Bret Baier, seen at right last year with fellow Fox anchors Chris Wallace and Megyn Kelly, called the inflammatory story “a mistake,” while also backing away from a second damaging Clinton story. (Carlos Barria/Reuters)

Fox News anchor Bret Baier apologized Friday for reporting that federal investigators had determined that Hillary Clinton’s private email server had been hacked and that an investigation would lead to an indictment of Clinton after the election.

In fact, Baier said, after checking with his sources, there is no evidence at this time for either statement.

Baier, the anchor of Fox’s evening newscast “Special Report,” went on the air Wednesday to report that the FBI had determined that Clinton’s private server, which she used while serving as secretary of state, had been hacked by “five foreign intelligence agencies.”

He further said on Thursday, during an interview with Fox’s Brit Hume, that a separate FBI investigation — of the charitable Clinton Foundation — was “likely” to lead to an indictment of Clinton after Tuesday’s election.

Both statements, if true, would be explosive developments in the late stages of the presidential campaign between Clinton and Republican rival Donald Trump.
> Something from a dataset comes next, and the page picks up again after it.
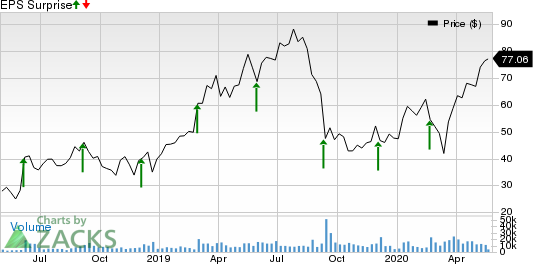 Zscaler, Inc. Price and EPS Surprise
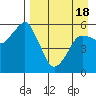 Dolgoi Island tide chart for Sunday, April 18, 2021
Trump has repeatedly invoked the alleged atmosphere of corruption around the Clinton Foundation and the security risks involved in Clinton’s use of a private server while secretary of state as reasons not to vote for Clinton.

The Post’s Rosalind Helderman breaks down the latest developments of the controversies involving the FBI less than a week from Election Day. (Bastien Inzaurralde/The Washington Post)

But neither of his reports about Clinton were accurate, Baier acknowledged Friday morning in a “Fox News alert” conversation with Fox News anchor Jon Scott.

Baier said he relied on a single anonymous source within the FBI for his report about an alleged hack of the server: “I was quoting from one source about his certainty that the server had been hacked by five foreign intelligence agencies. . . . As of today there still are no digital fingerprints of a breach, no matter what the working assumption is within the bureau.”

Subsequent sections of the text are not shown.